Hydrolysis MCQs With Answer

Hydrolysis MCQs With Answer
Hydrolysis is a central concept for B. Pharm students, covering mechanisms, kinetics, and pharmaceutical implications such as drug stability, ester hydrolysis, amide hydrolysis, acid-base catalysis, and enzymatic hydrolysis. This introduction highlights key terms like pH-rate profile, pseudo-first-order kinetics, buffer catalysis, prodrug activation, and aqueous degradation pathways. Understanding factors that influence hydrolytic rates — including temperature, ionic strength, neighboring group participation, and leaving-group ability — is essential for formulation, stability testing, and rational prodrug design. These MCQs deepen conceptual and problem-solving skills relevant to pharmaceutical chemistry and drug development. Now let’s test your knowledge with 30 MCQs on this topic.

Q1. What is hydrolysis in the context of pharmaceutical chemistry?

• Oxidation of drug molecules by oxygen
• Cleavage of a bond by reaction with water, including ester and amide hydrolysis
• Conversion of a drug into an insoluble salt
• Formation of a complex with metal ions

Correct Answer: Cleavage of a bond by reaction with water, including ester and amide hydrolysis

Q2. Under conditions where water concentration is effectively constant, hydrolytic reactions typically follow which kinetics?

• Second-order kinetics with respect to water
• Pseudo-first-order kinetics with respect to substrate
• Zero-order kinetics in all reactants
• Mixed-order kinetics that cannot be simplified

Correct Answer: Pseudo-first-order kinetics with respect to substrate

Q3. Which functional group generally hydrolyzes faster under comparable conditions?

• Amides
• Esters
• Ketones
• Alcohols

Correct Answer: Esters

Q4. How does acid catalysis accelerate carbonyl hydrolysis?

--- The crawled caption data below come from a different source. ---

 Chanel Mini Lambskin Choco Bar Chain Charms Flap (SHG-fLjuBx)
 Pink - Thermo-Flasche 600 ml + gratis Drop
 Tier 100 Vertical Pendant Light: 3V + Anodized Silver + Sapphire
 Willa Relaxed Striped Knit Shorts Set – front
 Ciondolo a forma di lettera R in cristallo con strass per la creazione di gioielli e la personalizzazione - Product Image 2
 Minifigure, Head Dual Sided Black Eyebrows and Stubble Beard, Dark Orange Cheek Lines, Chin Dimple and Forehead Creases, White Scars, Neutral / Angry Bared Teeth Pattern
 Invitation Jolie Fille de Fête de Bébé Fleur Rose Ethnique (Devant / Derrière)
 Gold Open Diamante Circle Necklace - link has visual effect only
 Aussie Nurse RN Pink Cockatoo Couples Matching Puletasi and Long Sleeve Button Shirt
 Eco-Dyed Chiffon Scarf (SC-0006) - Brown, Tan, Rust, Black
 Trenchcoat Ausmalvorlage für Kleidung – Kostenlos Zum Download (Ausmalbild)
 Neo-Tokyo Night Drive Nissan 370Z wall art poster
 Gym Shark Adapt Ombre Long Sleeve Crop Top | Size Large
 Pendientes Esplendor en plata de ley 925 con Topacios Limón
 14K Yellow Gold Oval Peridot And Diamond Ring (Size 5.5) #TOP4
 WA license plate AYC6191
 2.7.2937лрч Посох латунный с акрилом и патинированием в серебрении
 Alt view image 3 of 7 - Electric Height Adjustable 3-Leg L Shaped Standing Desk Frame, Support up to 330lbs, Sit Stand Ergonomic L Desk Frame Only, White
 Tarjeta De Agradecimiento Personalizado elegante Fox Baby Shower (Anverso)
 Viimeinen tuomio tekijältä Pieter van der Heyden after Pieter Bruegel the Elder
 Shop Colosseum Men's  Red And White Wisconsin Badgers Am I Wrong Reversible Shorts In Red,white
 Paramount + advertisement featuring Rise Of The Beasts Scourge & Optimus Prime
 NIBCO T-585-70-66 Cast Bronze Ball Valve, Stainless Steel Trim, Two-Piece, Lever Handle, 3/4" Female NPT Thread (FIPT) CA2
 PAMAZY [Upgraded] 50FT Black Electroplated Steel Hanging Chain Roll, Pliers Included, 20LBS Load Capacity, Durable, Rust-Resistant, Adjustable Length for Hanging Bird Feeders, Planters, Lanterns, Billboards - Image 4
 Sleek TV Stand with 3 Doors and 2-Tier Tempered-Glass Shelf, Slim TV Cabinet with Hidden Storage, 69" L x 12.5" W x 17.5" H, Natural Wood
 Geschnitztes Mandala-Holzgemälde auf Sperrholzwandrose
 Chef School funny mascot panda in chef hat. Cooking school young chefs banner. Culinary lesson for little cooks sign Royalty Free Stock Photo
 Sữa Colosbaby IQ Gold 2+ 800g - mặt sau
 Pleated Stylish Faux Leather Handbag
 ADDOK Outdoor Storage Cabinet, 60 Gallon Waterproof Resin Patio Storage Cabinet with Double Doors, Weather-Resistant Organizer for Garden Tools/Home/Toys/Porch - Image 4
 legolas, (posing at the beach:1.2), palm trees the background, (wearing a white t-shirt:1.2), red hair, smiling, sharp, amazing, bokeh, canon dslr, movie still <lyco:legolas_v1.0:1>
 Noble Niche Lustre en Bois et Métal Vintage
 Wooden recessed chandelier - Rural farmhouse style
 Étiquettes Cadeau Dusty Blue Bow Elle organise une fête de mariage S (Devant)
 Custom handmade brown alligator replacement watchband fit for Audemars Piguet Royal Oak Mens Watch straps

• By deprotonating water to form a stronger nucleophile
• By protonating the carbonyl oxygen, increasing electrophilicity of the carbonyl carbon
• By forming a covalent bond between buffer and substrate
• By irreversibly converting substrate into an inactive complex

Correct Answer: By protonating the carbonyl oxygen, increasing electrophilicity of the carbonyl carbon

Q5. In a log k versus pH profile, a slope of +1 generally indicates which catalytic mode?

• Specific acid catalysis
• Specific base catalysis
• General acid catalysis
• No catalytic involvement

Correct Answer: Specific base catalysis

Q6. The mechanism of base-catalyzed ester hydrolysis proceeds by which pathway?

• Radical chain reaction
• Bimolecular nucleophilic acyl substitution via a tetrahedral intermediate
• SN1-like carbocation formation at the alkyl side
• Concerted pericyclic rearrangement

Correct Answer: Bimolecular nucleophilic acyl substitution via a tetrahedral intermediate

Q7. Why are amides generally more resistant to hydrolysis than esters?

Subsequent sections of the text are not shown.